Rocket Languages’ content tends to be more updated though, and it also gives you more ways to practice. This doesn’t mean you should discredit Pimsleur though. The methodology behind Pimsleur is backed by science and is really effective for helping you learn quickly and effectively. Pimsleur is also more interactive than Rocket Languages. Both apps offer free trials, so sign up and see which one you like more. You can also read this Pimsleur review to learn more about the app.
Duolingo is one of the most popular language learning apps available, but it’s important to compare Rocket Languages vs Duolingo because the differences are huge.
Duolingo is completely free to use, but the quality of its language courses is much lower than Rocket Languages. While you study useful topics in both apps, Rocket Languages teaches you natural conversations and the Duolingo conversations are completely random.
Rocket Languages also develops each language course individually while Duolingo translates the same course into each language. Because of this, you get no culture lessons with Duolingo and Rocket Languages has extensive cultural lessons. Duolingo is also ad-supported, so advertisements frequently interrupt your learning. Read more in this Duolingo review.
Babbel vs Rocket Languages is a common comparison because both offer extensive language courses. Both apps also develop each language course individually to include important cultural aspects. So what’s the difference? The main one is price.

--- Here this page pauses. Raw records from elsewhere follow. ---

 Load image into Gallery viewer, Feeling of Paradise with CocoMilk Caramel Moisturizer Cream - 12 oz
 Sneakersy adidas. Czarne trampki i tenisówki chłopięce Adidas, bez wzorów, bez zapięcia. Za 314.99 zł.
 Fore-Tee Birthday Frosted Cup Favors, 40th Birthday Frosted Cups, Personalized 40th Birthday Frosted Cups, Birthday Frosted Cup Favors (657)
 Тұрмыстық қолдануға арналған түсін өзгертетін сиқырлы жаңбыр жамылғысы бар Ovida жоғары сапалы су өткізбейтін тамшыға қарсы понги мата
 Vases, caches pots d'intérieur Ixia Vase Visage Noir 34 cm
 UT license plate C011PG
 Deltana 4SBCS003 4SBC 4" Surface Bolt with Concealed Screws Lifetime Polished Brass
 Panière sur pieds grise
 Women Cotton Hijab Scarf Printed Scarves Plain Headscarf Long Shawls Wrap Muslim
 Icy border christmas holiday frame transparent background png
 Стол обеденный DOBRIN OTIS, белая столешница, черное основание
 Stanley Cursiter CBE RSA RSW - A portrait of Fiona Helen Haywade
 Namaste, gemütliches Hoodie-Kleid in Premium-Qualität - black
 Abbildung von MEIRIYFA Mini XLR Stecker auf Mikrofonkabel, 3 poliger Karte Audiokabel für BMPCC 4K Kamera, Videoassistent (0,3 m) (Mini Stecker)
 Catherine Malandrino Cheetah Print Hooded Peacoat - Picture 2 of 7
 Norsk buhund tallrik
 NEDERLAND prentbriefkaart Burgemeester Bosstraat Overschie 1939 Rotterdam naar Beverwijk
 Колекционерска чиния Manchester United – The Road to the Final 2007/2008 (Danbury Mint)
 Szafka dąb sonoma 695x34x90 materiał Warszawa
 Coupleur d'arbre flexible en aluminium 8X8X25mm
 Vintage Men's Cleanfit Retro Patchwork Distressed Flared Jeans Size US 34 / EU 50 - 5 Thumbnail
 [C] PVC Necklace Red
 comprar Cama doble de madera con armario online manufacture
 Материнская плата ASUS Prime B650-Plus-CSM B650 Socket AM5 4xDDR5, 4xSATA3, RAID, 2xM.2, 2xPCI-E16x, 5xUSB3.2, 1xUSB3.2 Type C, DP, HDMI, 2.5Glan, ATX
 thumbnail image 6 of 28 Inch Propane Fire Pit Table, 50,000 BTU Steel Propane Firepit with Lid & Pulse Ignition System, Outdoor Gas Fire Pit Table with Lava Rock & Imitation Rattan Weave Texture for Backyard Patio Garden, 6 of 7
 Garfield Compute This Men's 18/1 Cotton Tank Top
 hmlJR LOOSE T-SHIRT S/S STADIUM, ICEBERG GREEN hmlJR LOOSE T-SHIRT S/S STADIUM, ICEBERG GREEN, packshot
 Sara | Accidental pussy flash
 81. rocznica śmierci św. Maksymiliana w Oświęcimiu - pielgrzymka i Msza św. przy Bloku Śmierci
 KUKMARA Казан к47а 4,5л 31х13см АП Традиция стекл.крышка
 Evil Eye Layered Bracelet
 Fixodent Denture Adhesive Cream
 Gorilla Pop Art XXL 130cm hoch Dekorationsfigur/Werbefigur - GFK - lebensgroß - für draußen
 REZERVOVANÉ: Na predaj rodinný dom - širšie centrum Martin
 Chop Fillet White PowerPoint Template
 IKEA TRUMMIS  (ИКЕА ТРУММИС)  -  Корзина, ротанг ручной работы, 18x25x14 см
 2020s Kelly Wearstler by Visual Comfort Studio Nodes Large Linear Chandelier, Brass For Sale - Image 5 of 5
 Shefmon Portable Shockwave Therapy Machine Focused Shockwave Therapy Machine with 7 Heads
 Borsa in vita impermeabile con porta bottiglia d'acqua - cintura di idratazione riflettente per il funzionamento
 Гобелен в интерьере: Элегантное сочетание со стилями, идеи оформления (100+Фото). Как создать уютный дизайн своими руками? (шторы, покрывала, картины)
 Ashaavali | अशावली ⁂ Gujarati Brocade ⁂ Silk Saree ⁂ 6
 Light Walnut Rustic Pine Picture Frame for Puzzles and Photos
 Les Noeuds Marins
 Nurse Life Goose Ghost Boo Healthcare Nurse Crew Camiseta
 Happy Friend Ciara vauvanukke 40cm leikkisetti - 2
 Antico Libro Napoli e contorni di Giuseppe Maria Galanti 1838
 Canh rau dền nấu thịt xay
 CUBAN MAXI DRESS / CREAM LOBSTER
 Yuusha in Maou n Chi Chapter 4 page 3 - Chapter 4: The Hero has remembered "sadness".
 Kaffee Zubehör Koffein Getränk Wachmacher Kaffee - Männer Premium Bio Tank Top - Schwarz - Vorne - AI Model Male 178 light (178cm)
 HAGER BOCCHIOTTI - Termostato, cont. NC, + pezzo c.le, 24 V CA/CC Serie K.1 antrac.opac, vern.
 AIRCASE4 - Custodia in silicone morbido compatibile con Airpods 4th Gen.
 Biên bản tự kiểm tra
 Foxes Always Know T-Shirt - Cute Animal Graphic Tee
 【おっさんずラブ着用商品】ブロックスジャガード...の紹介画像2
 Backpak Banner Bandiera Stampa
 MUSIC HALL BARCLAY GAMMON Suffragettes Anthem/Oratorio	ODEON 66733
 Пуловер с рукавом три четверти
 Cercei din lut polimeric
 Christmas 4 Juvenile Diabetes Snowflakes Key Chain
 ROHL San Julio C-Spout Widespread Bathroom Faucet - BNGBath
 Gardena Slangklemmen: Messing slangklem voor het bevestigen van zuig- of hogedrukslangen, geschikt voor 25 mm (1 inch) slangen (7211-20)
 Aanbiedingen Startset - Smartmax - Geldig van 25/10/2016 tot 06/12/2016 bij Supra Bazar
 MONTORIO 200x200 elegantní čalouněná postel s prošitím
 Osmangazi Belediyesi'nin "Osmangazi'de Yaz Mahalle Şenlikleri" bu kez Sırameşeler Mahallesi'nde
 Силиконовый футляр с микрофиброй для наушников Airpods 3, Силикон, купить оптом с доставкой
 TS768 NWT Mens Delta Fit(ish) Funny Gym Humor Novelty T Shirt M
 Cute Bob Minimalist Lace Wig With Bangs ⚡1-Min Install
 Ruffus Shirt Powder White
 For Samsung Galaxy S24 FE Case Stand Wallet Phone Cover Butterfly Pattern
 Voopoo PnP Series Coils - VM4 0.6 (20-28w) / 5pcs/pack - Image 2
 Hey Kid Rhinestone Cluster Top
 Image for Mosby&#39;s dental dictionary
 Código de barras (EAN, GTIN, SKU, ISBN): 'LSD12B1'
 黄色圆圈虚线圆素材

Babbel offers a monthly subscription starting at $9.99 while Rocket sells its entire course upfront, starting at $99.95. Babbel lessons also go a little more in depth, but Rocket Languages offers better ways to practice what you learn. Both offer free trials, so try them out to see which one you prefer. You can also learn more about Babbel in this review.
Rocket Languages is an excellent choice for popular languages like Spanish and French. The lessons go in-depth and cover useful topics to help you become conversational. Rocket Languages isn’t a very good choice for less popular languages like Arabic and Korean though. You’d be better off using other apps like Pimsleur or Mondly for these.
Rocket Languages costs anywhere from $99.95 to $449.85, depending on the language you want to learn and how many levels you want to buy. For all languages, you can choose to pay in installments instead of paying the full price upfront. These installments range from $20.00 to $75.00 per month for six months.
While you can build a solid foundation with Rocket Languages, you won’t become fluent. The courses are designed to help you improve all aspects of communication, like reading, writing, speaking, and listening. The lessons will help you communicate at an intermediate level, but you’ll need to use other resources to become fluent.
Yes, Rocket Languages has a free app that you can download to access all of your courses. The app has a sleek design and is very easy to use. It also has additional features, like speech recognition, that aren’t available with the web version of Rocket Languages.
For more popular languages like Spanish and French, Rocket Languages is definitely worth the money. The courses are comprehensive and the activities are engaging. By the end of the course, you’ll easily be able to have natural conversations with native speakers. However, for less popular languages like Arabic and Korean, you may be better off using other learning tools, like Pimsleur or Mondly.
This is an independent review of the Rocket Languages program. This review is not sponsored by or endorsed by the company, and the opinions in this review are all my own. I’ve used over 50 different apps during my language learning journey, and I love exploring new resources. To write this Rocket Languages review, I personally tested every feature of the program and verified everything the courses offer.